Réduire cette affaire à une simple vendetta me semble extrêmement réducteur.
Sans exonérer Napoléon, il y a indubitablement la marque du prince de Bénévent là-dessous.
Une lettre datée du 8 mars 1804 en fait foi.
"J'ai beaucoup réfléchi à ce que vous m'avez fait l'honneur de me dire hier. La forme du gouvernement qui nous régit est la plus appropriée au moeurs, aux besoins, aux intérêts de notre pays. Mais ce qu'on ne sent pas assez en France et même en Europe, c'est que cet ordre de choses si précieux tient uniquement à votre personne, qu'il ne peut subsister et se consolider que par elle. Les convictions à cet égard seraient même à peu près unanimes, si quelques intrigants mal intentionnés n'avaient l'art de semer continuellement des bruits qui tendent à faire croire que vos idées ne sont pas complètement arrêtées, que vous pourriez tourner vos regards vers l'ancienne famille régnante. Ils vont même jusqu'à donner à entendre que vous pourriez vous contenter du rôle de Monk. Cette supposition, répandue avec une grande perfidie, fait le plus grand mal. Voilà qu'une occasion se présente de dissiper toutes ces inquiétudes. La laisserez-vous échapper ? Elle vous est offerte par l'affaire qui doit amener devant les tribunaux les auteurs, les acteurs et les complices de la conspiration récemment découverte. Les hommes de Fructidor s'y retrouvent avec les Vendéens qui les secondent. Un prince de la maison de Bourbon les dirige. Le but est également l'assassinnat de votre personne. Vous êtes dans le droit de la défense personnelle. Si la justice doit punir rigoureusement, elle doit aussi punir sans exception. Réfléchissez-y bien."

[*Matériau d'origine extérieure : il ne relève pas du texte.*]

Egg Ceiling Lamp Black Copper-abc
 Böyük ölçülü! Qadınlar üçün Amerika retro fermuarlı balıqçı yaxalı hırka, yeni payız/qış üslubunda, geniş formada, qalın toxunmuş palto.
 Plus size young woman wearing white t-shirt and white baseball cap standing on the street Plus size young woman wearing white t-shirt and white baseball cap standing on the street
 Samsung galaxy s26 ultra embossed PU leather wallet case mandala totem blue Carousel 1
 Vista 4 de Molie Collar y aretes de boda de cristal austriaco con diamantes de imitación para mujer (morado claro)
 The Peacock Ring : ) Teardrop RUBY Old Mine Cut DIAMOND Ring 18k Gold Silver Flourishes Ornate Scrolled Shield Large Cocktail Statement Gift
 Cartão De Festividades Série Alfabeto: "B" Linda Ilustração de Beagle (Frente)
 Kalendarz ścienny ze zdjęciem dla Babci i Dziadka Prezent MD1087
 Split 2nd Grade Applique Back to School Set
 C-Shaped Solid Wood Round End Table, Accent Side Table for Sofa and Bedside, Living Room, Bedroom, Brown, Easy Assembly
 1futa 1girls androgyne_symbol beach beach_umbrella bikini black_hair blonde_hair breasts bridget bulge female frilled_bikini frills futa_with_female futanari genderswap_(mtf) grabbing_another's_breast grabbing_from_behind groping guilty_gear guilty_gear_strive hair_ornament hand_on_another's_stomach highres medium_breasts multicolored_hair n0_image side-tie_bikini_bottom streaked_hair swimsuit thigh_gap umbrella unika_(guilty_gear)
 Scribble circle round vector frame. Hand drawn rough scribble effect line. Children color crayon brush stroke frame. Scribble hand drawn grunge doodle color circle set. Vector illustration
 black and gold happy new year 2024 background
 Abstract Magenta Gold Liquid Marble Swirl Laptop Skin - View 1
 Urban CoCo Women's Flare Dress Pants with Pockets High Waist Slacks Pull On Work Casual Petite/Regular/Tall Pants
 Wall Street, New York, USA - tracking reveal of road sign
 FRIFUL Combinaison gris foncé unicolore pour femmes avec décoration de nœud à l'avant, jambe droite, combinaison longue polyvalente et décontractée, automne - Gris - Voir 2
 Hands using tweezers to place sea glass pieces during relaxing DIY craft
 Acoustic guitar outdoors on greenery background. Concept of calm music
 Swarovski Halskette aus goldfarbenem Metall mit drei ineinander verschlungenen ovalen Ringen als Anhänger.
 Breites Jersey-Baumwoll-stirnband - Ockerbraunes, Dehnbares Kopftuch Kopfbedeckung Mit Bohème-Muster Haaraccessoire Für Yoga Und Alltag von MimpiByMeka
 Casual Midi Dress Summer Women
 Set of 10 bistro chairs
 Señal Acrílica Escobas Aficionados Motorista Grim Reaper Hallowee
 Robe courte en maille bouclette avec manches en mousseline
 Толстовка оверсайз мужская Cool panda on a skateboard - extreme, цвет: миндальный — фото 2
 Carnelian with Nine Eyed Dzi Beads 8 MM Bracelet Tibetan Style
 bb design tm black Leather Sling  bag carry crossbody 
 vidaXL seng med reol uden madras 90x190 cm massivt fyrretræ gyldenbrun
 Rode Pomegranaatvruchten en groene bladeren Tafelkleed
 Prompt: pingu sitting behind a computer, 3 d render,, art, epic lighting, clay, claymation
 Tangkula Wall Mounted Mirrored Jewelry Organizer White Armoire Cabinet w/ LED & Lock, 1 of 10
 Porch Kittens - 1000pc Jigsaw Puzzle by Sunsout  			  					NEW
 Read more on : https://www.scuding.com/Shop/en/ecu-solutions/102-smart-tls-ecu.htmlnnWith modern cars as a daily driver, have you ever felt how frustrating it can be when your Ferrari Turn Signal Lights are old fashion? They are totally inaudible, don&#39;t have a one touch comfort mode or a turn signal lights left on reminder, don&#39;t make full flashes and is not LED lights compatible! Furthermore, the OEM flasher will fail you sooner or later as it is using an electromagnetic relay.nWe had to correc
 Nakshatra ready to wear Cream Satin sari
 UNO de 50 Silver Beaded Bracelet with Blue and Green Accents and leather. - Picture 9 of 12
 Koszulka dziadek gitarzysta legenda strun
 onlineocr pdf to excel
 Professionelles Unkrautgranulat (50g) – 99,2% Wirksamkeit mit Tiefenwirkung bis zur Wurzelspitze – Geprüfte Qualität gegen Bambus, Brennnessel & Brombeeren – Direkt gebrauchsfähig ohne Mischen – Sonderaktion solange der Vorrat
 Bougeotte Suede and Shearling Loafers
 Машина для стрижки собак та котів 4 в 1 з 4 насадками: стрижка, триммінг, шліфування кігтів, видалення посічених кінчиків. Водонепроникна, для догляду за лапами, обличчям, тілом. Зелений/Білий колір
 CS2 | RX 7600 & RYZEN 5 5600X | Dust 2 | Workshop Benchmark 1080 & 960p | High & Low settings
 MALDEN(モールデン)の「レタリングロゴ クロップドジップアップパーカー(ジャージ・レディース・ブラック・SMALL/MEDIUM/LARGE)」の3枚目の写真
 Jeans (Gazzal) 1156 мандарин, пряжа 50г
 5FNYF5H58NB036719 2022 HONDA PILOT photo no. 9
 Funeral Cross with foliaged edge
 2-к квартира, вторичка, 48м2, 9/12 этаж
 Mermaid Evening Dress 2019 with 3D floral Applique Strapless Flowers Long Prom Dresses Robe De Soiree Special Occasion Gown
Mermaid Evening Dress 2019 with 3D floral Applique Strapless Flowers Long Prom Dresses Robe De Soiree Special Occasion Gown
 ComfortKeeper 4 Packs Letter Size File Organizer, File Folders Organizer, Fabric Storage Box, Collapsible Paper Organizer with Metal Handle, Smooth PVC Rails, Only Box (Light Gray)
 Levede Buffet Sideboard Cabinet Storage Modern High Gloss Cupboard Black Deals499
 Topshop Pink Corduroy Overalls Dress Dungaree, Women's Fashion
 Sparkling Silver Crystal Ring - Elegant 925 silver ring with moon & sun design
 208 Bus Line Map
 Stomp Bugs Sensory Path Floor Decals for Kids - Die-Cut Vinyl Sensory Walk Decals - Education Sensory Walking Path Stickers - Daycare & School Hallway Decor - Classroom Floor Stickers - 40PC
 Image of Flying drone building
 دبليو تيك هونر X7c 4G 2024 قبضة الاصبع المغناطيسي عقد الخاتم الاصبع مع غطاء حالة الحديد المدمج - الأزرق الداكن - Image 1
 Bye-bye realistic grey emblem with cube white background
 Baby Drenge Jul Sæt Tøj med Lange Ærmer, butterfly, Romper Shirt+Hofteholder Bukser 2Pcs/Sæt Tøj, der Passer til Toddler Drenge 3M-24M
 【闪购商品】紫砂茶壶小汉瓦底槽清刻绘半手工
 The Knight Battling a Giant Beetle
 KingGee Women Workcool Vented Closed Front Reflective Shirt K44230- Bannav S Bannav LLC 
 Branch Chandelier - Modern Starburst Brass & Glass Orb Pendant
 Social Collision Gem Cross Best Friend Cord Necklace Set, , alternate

Charles-Maurice est entré dans la danse.
Comme l'écrit son amie Aimée de Coigny, s'il n'a d'abord pas voulu la mort du duc d'Enghien, il n'a pas hésité à se rallier à Bonaparte.
Il n'a rien à perdre et beaucoup à se faire pardonner.
Cette affaire est pour lui l'occasion de se remettre en selle.
Le vin est tiré, il faut le boire.
A d'Hauterive qui menace de démisionner, il répond, l'air blasé : "Eh bien, quoi, ce sont les affaires."
"M. de Talleyrand fut le noeud de cette affaire", écrit Mme de Coigny. Il a conseillé et facilité l'arrestation et l'exécution d'un Bourbon. Il l'a justifiée à l'étranger. En cela, il a pris un risque considérable motivé à ses yeux par la raison d'Etat, sans parler des bénéfices qu'il comptait en tirer deux mois plus tard à la faveur du passage à l'Empire. Si Bonaparte est le premier responsable du crime, Talleyrand n'est pas loin derrière."